El cine de terror atraviesa un buen momento en la cartelera comercial argentina. En términos comerciales, por las notables perfomance en taquilla de El exorcista del Papa y la muy buena Evil Dead: El despertar. En materia artística, porque a esas dos propuestas, muy distintas entre sí aun cuando apelen a fórmulas habituales, se suma esta semana Skinamarink, una de las apuestas más arriesgadas y difíciles de encasillar que se haya visto en las salas en mucho tiempo.
La sinopsis es tan simple como engañosa, en tanto da una idea muy distinta a la extrañeza casi metafísica que anida en el núcleo de película del canadiense Kyle Edward Ball.

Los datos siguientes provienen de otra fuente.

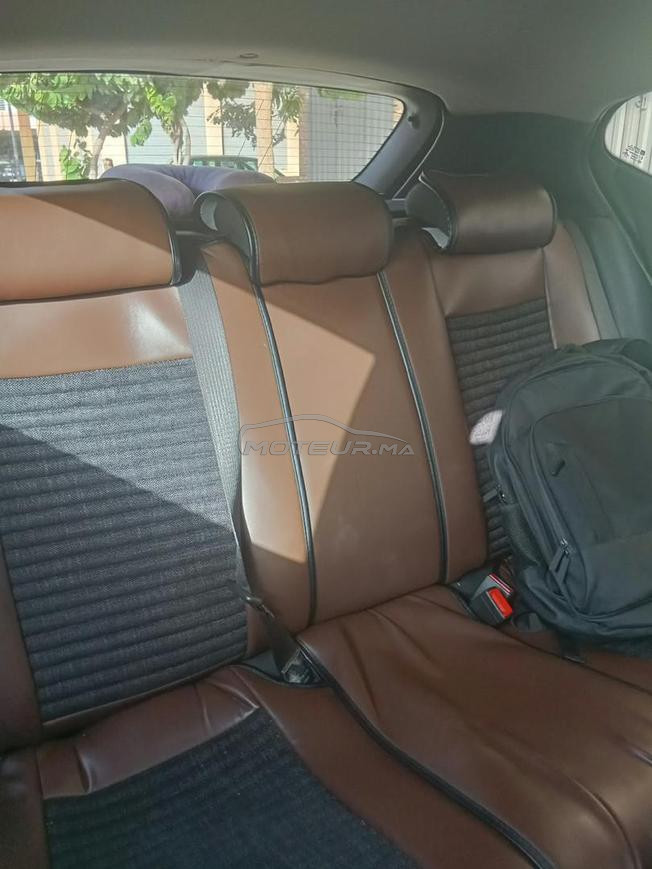 Opel Astra Diesel Manuelle 2019 à Rabat
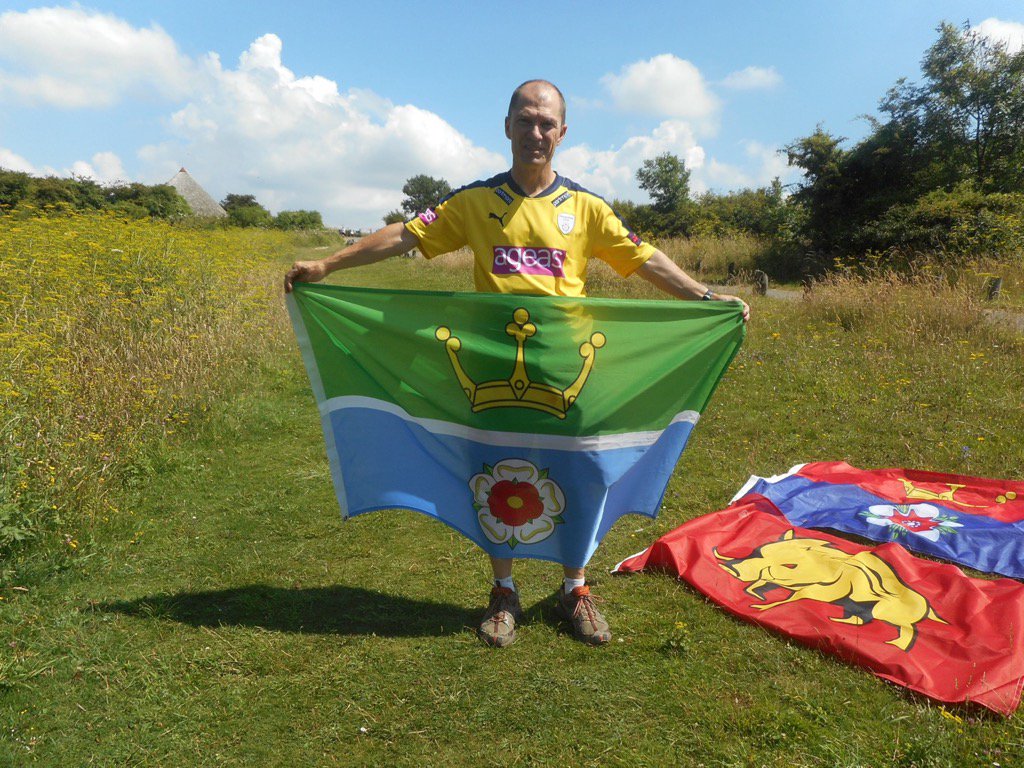 Hampshire Flag tweet media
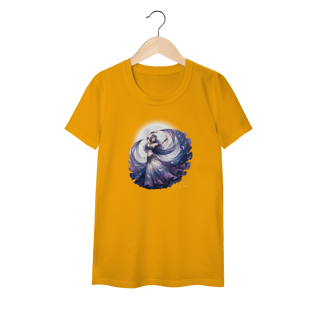 Nome do produto Moon Dance - Baby Look
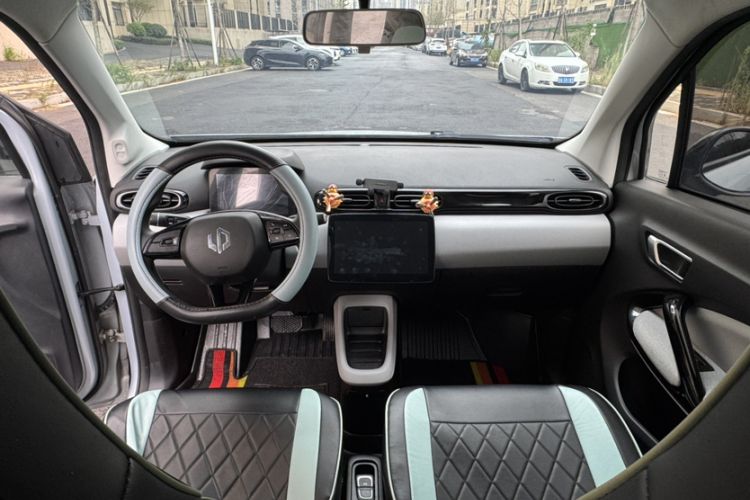 Used Leapmotor T03 2023 310 Lite Edition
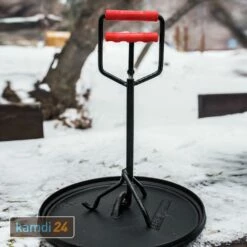 Camp Chef Dutch Oven Deckelheber Profi, 35 Cm -Küchengrill Geschäft camp chef dutch oven deckelheber profi 35 cm 18431 m 6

Sucede que, si bien todo comienza cuando dos niños despiertan en medio de la noche y descubren que su padre ha desaparecido y que todas las ventanas y puertas de su casa ya no están, Skinamarink desanda caminos más propios del cine experimental que del asociado a los sustos, los fantasmas y la sangre.
Filmada casi en penumbras con una cámara huidiza que hace del fuera de campo un elemento fundamental, Skinamarink está llena de susurros y de sombras, de manchas y rostros apenas visibles, elementos que construyen un minimalismo por momentos desconcertante. A excepción de algunos golpes de efectos sonoros, Edward Ball huye despavorido ante la posibilidad de caer en algún lugar común.
A cambio, pide un espectador atento, paciente y predispuesto a dejarse llevar por un relato que, a la manera de una serpiente, va envolviéndolo sin prisa pero sin pausa en un universo donde lo aterrador surge del enrarecimiento de lo cotidiano y de lo minúsculo. ¿Que la película es un tanto extensa? Es cierto: no le hubiera venido algunos minutos menos, pero el lograr un viaje sensorial e inmersivo hacia los miedos más afincados en la infancia es un mérito que compensa de sobra cualquier falencia.